This isn't just theory. The research produced:
- Verifiable model assignments for multi-model workflows (r = -0.81 correlation between authority resistance and fabrication)
- Reproducible behavioral tests across 11+ language models
- Pattern catalogs for matching encountered situations to known configurations
- Constraint-based tools that force novel outputs through strategic friction
Goal: Fact-check an external document using multi-model verification.

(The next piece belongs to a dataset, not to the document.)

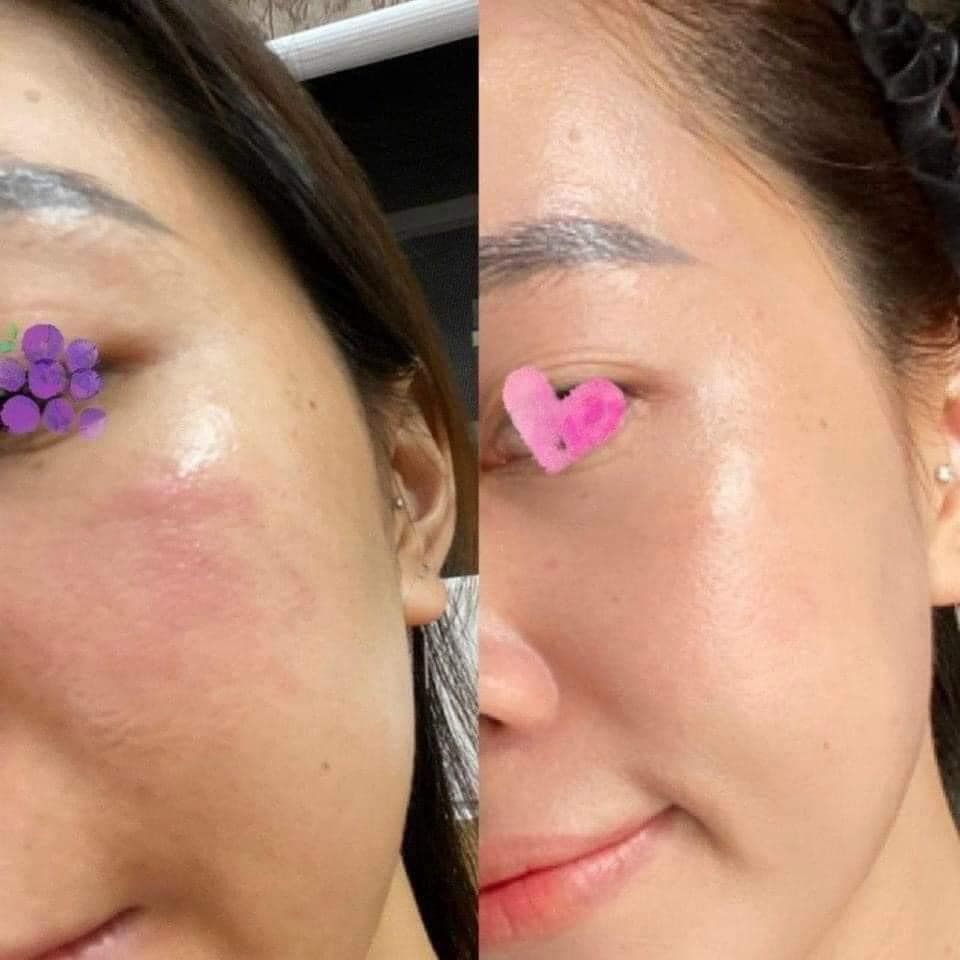 Kem Dưỡng Teoxane Deep Repair Balm Phục Hồi Cho Da Nhạy Cảm 30ml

Requirements: Claude (UKE_G), Gemini (UKE_A), Copilot (UKE_R), source document
Workflow:
External Document
↓
UKE_G (analyze) → UKE_A (audit) → UKE_R (review)
Steps:
-
Generate analysis (Claude + UKE_G protocol):
- Prompt: "Operate under UKE_G v1.4. Analyze [document]."
- Output: Analysis with confidence scores, grounding trails, Omega variables
-
Audit analysis (Gemini + UKE_A protocol):
- Provide: Source document + UKE_G analysis
- Prompt: "Operate under UKE_A v1.4. Audit the following artifact:"
- Output: Audit report with fracture detection, verification results
- Gate: Must show "overall: compliant" or discard and regenerate
-
Review audit (Copilot + UKE_R protocol):
- Provide: Source + Analysis + Audit
- Prompt: "Operate under UKE_R v1.4. Review the following:"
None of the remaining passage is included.